God doesn’t waste any time. On page one, He creates humanity from the dust of the ground. These people were then given a task: to tend a garden called Eden, which the Creator had placed in their care. Turn a few pages, and Abram is called from Ur and promised a new home—not just any home, but a specific territory that included certain landmarks, such as the tamarisk trees in Beersheba and the great oaks of Mamre. Later, after the people of Israel entered that land, were exiled, and returned once more, Jesus walked through Gethsemane’s ancient olive groves and fields, telling parables along the way about planting seeds, storing new wine, and growing figs.

For me, gardening has also become a constant reminder of divine provision. Throughout the Bible, we find prophets and kings using the language of the land, of husbandry and wilderness, to speak of God providing for His people. In one of David’s songs of praise, he makes plain that everything we have is the Lord’s: “You care for the land and water it, you enrich it abundantly; the streams of God are filled with water to provide the people with grain, for so you have ordained it” (Ps. 65:9 NIV).

God is always faithful to provide, but of course this provision doesn’t necessarily come in the way we hope. Yes, sometimes God gives suddenly and miraculously. There are those occasional mornings when I discover my once lackluster poblano peppers are all of a sudden bursting with life. But usually He works in ways that are small, slow, and unnoticed.

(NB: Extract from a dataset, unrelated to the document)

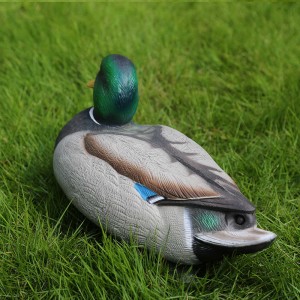 Πλαστική πάπια Duck Mallard Γυναίκα Drake Drake Floating Keel Deadly Κυνήγι Lure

That first growing season, before putting up the fence, I awoke one morning to find that much of my garden had been eaten by rabbits. They were voracious, chewing stems down to the ground and even digging up plants that were just starting to sprout. I was incredibly disappointed, and my first year was shaping up to be an utter failure. But then something unexpected happened: weeds started sprouting up where the rabbits had pillaged. I ignored them until the end of the year, but when I then dug them up, I found they were not weeds at all. Instead, they were carrots—dozens and dozens of delicious carrots—growing in what I perceived as ruin, without me being aware of it.

Sometimes God’s provision looks very much like death. We are reminded of this in the words of Jesus as well: “Unless a grain of wheat falls into the earth and dies, it remains alone; but if it dies, it bears much fruit” (John 12:24). Placing those seeds in the ground is a sort of burial, and it can take weeks before new life breaks through the surface. On occasion, it’s a surprise that anything breaks through at all.

This lesson can be the hardest, but gardening has put tactile reality to the confession that our God is a God of resurrection. Resurrection is a word of hope, but it means that first, something has to die. We have to wait. Only much later do we see how the Lord provided for us during those times when our patience was tried and all looked like death. But after the wait, there is the joy of new life.

Next year, I will start teaching my daughter to garden. I hope it will begin to shape her as it has shaped me. While together we tend the land, through days of rain and days of parched earth, I hope she will be reminded daily of the place where God has set us, the way He provides for us, and how He brings new life in unexpected ways.